(STUDY MATERIAL begins)

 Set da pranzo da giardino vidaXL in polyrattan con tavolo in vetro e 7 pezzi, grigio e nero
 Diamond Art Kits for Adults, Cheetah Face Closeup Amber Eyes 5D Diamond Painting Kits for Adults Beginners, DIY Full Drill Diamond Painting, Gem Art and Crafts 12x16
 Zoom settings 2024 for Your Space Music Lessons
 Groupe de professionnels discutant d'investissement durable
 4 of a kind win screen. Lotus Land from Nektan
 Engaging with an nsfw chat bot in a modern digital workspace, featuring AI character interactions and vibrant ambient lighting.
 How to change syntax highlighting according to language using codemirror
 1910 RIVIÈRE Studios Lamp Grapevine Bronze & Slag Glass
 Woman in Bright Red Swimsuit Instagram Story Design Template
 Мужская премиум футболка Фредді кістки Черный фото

(STUDY MATERIAL ends)
(STUDY MATERIAL begins)

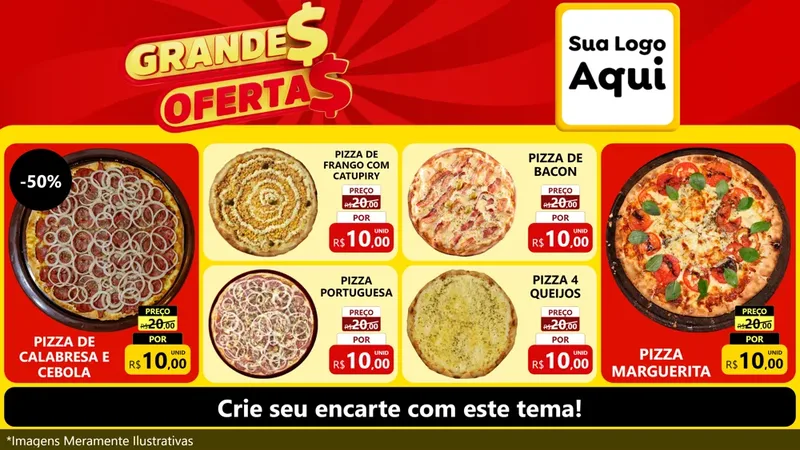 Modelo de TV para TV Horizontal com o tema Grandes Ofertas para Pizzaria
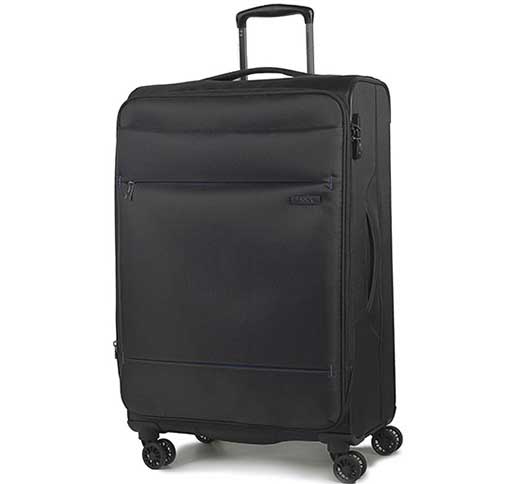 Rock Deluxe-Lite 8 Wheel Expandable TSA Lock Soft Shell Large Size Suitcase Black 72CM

(STUDY MATERIAL ends)
(STUDY MATERIAL begins)

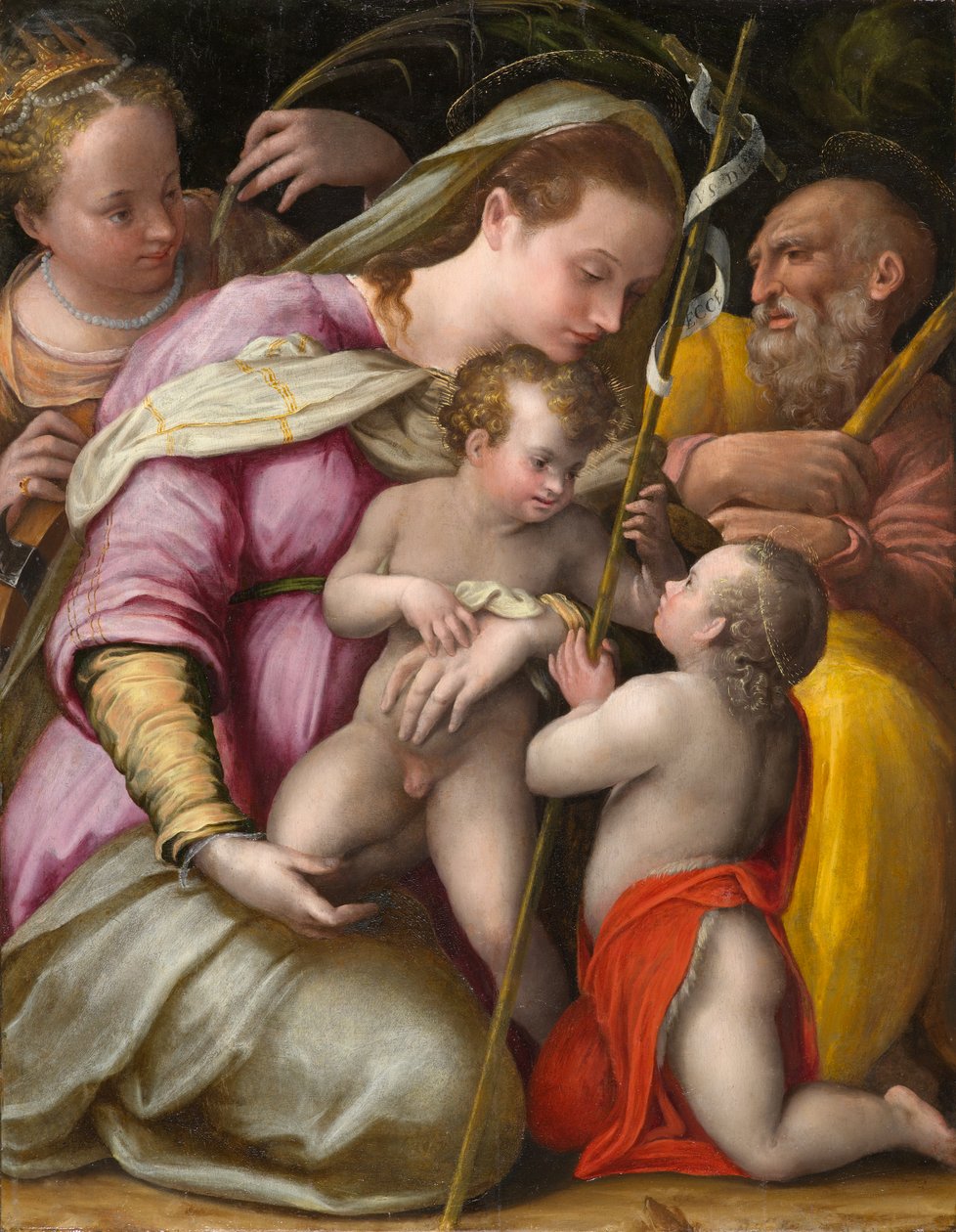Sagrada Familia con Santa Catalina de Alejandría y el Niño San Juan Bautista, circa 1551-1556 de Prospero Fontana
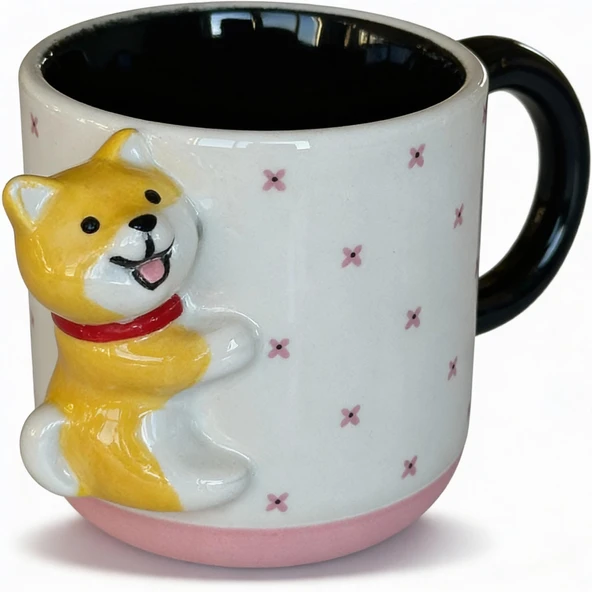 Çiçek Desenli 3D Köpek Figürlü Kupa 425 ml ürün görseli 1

(STUDY MATERIAL ends)

- [WHAT TO PRODUCE]:
For this exercise, output exactly the lines above from the line with "Zoom settings 2024" to the line with "Engaging with an", counting both, and leave out the rest.

- [TASK RESULT]:
 Zoom settings 2024 for Your Space Music Lessons
 Groupe de professionnels discutant d'investissement durable
 4 of a kind win screen. Lotus Land from Nektan
 Engaging with an nsfw chat bot in a modern digital workspace, featuring AI character interactions and vibrant ambient lighting.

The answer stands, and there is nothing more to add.